If you’re new to Bava, this collection is the perfect opportunity to dig deep into his wild, wonderful world that inspired many of our modern favorites.
If you’re unsure where to start, I’ve got you covered with a quick primer on the films in this collection: what each film is about and what makes them so damn good. Trust me when I say there’s something here for every horror fan.
Black Sunday (1960)
The Story: In 1630, Asa Vajda (Barbara Steele) and her boyfriend are executed for witchcraft, with Asa’s brother passing their sentence. As one might expect, Asa puts a curse on him and his descendants. Two centuries later, a couple of clumsy doctors happen upon Asa’s resting place and wake her up. She calls up her old flame to wreak some havoc on the present Vajda clan, including the sweet but troubled Katia (also Steele), who bears a striking resemblance to Asa.
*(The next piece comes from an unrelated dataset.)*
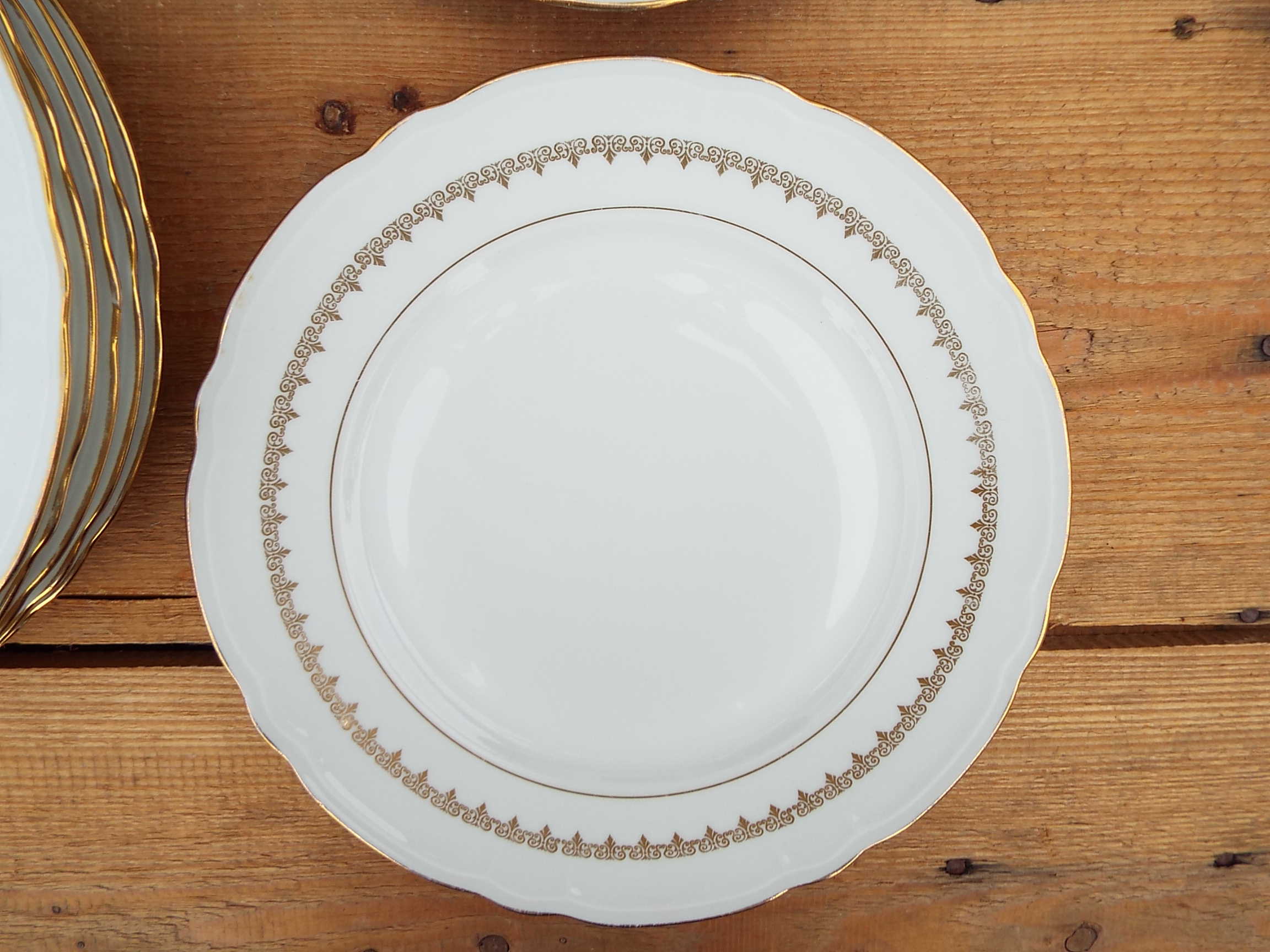 8 flat plates porcelain CNP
A struggle for Katia’s soul ensues, as Asa attempts to drain her innocent doppelgänger’s life force to restore herself to full power.
The Goods: Black Sunday is the pièce de résistance of Italian Gothic horror. It drips with atmosphere, from ruined castles to foggy bogs to underground crypts. To colorize this film would be blasphemous; the stunning black and white cinematography is an essential part of its being. The centerpiece that holds everything together is Barbara Steele, who is dazzling in her dual roles as Asa and Katia. The camera is in love with her, and you will be too. This film launched her career as Italy’s horror queen — a role she would soon tire of, but one that gave us such fantastic films as Nightmare Castle and The Long Hair of Death.
Black Sabbath (1963)
The Story: Bava’s sole venture into anthology horror, Black Sabbath features three separate tales, with an introduction by Boris Karloff. In “The Telephone,” a woman receives threatening phone calls from a man who seems to know her every movie. In “The Wurdulak,” a father (Karloff) returns home after slaying the titular Wurdulak (the vampire in Slavic folklore), but his family fears that he may have become the monster he set out to destroy. In “The Drop of Water,” a nurse steals a ring from the barely cold hand of a dead woman, who then shows up to get it back.
The Goods: First of all: yes, this is where Ozzy’s band got its name. Now that that’s out of the way, let’s talk about how genuinely unsettling each tale in this anthology is. “The Telephone” has some nice lesbian subtext and feels like the spiritual ancestor to later films that deal with telephone horror, like Black Christmas and When a Stranger Calls. “The Wurdulak” is the best and creepiest of the three segments. Boris Karloff brought his A game to both his role as a menacing family patriarch and the tongue-in-cheek framing sequences. He enjoyed working with Bava so much that he bragged about him to his buddies Christopher Lee and Vincent Price, both of whom would later work with the director.